Setup

library(pacman)
p_load(tidyverse, lfe, robustbase, ggthemes)

df <- education %>% 
  rename(residents = X1,
         per_capita_income = X2,
         young_residents = X3,
         per_capita_exp = Y,
         state = State)

Looking for heteroskedasticity graphically

We can make a plot to examine the relationship between our x variable and the errors. To do this, we need to run a regression, recover the residuals, then make a scatterplot. The resid() function will get the residuals from our regression. We plot the x variable on the x-axis and the residuals on the y-axis.

reg <- lm(per_capita_exp ~ per_capita_income, data = df)

errs <- resid(reg)

ggplot(aes(x = per_capita_income, y = errs), data = df) + 
  geom_point(color = "#2D708EFF") + 
  theme_pander() + geom_hline(yintercept = 0) +
  labs(x = "Per Capita Income", y = "Residuals")

What are we looking for here? If our errors are heteroskedastic, then the variance of our errors is changing with the x variable. There seems to be some visual evidence of this happening here - at low values of per capita income the residuals are tightly packed around zero but as we move to larger values of per capita income the residuals are more spread out. But this graph does not provide evidence of heteroskedasticity so we need to know how to formally test for this. We will cover the three tests you learned in lecture: Goldfeld-Quant, Breusch-Pagan, and White test.

Testing for Heteroskedasticity

Goldfeld-Quant Test

We want to be sure that our variance isn’t changing with our predictors. One way is to compare different values of our predicted variable and see how our errors are changing. The Goldfeld-Quant test does exactly that. We pick a fraction of our sample and compare the first fraction of the sample to the second fraction. We then look at the ratio of Sum Squared Error and see how far it is from 1. If the ratio is 1, then across small and large values of x, the errors are roughly the same. If the ratio is different from 1, the errors are not the same across values of x.

If we wanted to do this by hand, we’d need to follow some steps. 6 steps in total.

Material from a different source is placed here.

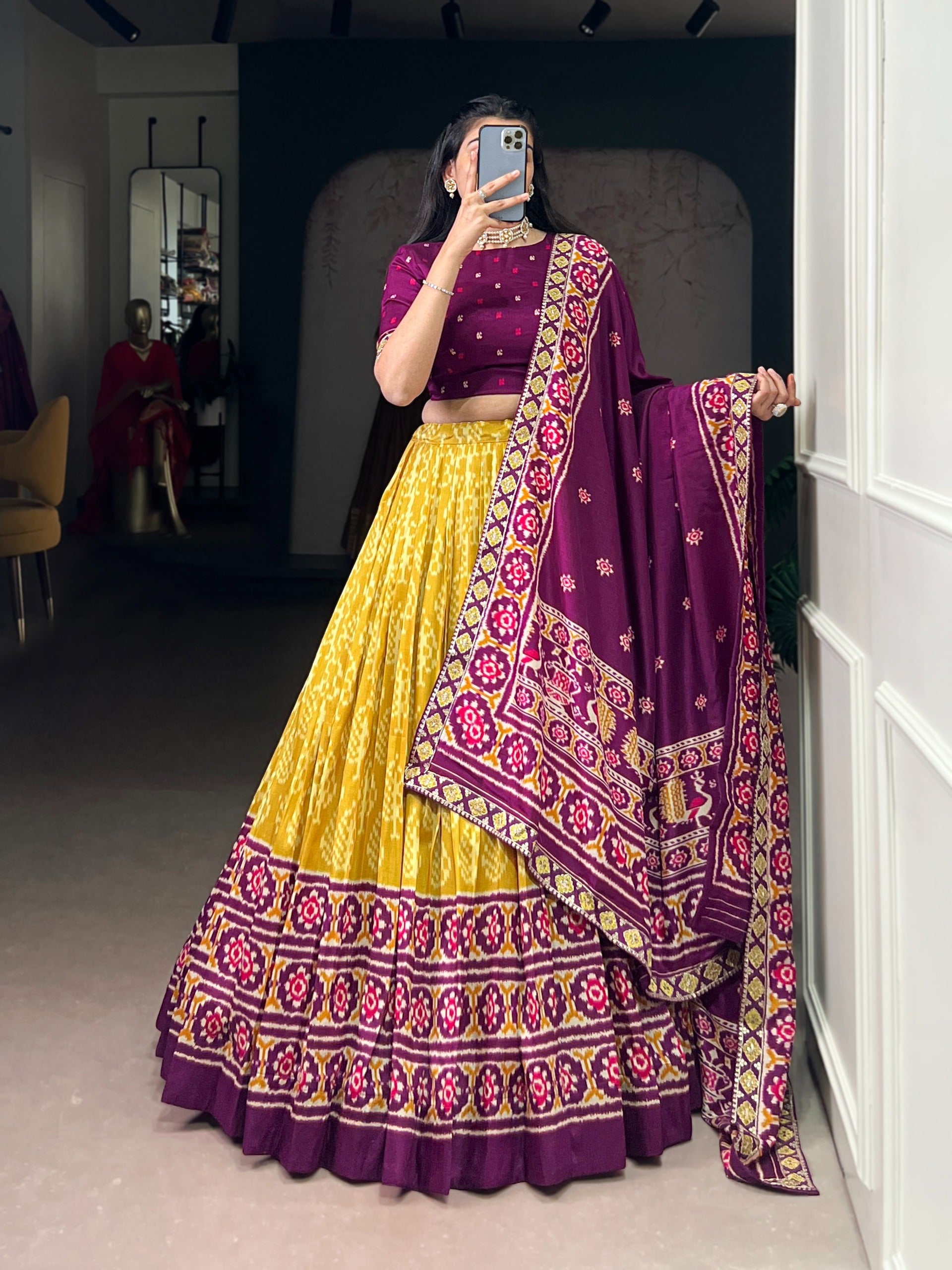 Women's Multicolour Traditional Patola Print Lehenga Choli with Maroon Blouse & Dupatta | Navratri Garba Dress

Note that Goldfeld-Quant only allows you to look at one varibale at a time so let’s look at per_capita_income and let’s compare the first 1/4 and the last 1/4 of the sample.

  • Step One: Order your observations by your variable of interest, in this case, let’s do income. To order a variable, all we need to do is sort it, using the arrange function.
df <- arrange(df, per_capita_income)
head(df$per_capita_income)
## [1] 3448 3680 3724 3764 3817 3825
  • Step Two: Split the data into two groups, in appropriate sizes. We’ve chosen 1/4 of our dataset to be our sample size. We need to know what 1/4 of our dataset is. The nrow() function tells us the total number of observations in the data frame.
n_GQ <- as.integer(nrow(df) * 1/ 4)

n_GQ #this will give us the closest count that gives us the number that is 1/4 of our full sample!
## [1] 12
  • Step Three: Run the regression you want to estimate on the last 1/4 of the data and the first 1/4 of the data.
#on the first 1/4
lm_g1 <- lm(data = head(df, n_GQ), per_capita_exp ~ per_capita_income + residents + young_residents) 
#on the last 1/4
lm_g2 <- lm(data = tail(df, n_GQ), per_capita_exp ~ per_capita_income + residents + young_residents)
  • Step Four: Record our sum of square errors so we can form our test statistic. We’ll use the sum() function, as well as resid() function.
e_g1 <- resid(lm_g1) 
e_g2 <- resid(lm_g2)
sse_g1 <- sum(e_g1 ^ 2) #now, to get SSE, we need to square the residuals, and then sum them.
sse_g2 <- sum(e_g2 ^ 2)

sse_g1
## [1] 4431.2
sse_g2
## [1] 17413.74
  • Step Five: Calculate the G-Q test stastistic, and compute the p-value. The GQ test is an F-test.
stat_GQ <- (sse_g2 / sse_g1)
stat_GQ
## [1] 3.929802
#n-k degrees of freedom, with k = no. of parameters estimated
p_GQ <- pf(q = stat_GQ, df1 = n_GQ-3, df2 = n_GQ-3, lower.tail = F) #pf gives probability from an f-dist.
p_GQ
## [1] 0.02691828
  • Step Six: State the null hypothesis and draw conclusion. The null hypothesis of Goldfeld-Quant is H0: The variances of the residuals from regressions using the first 1/4 and the last 1/4 of the dataset ordered by per capita income are the same. The alternative hypothesis of Goldfeld-Quant is HA: The variances of the residuals from regressions using the first 1/4 and the last 1/4 of the dataset ordered by per capita income are different. More formally: \(H_0: \sigma_1^2 = \sigma_2^2\) and \(H_a: \sigma_1^2 \neq \sigma_2^2\)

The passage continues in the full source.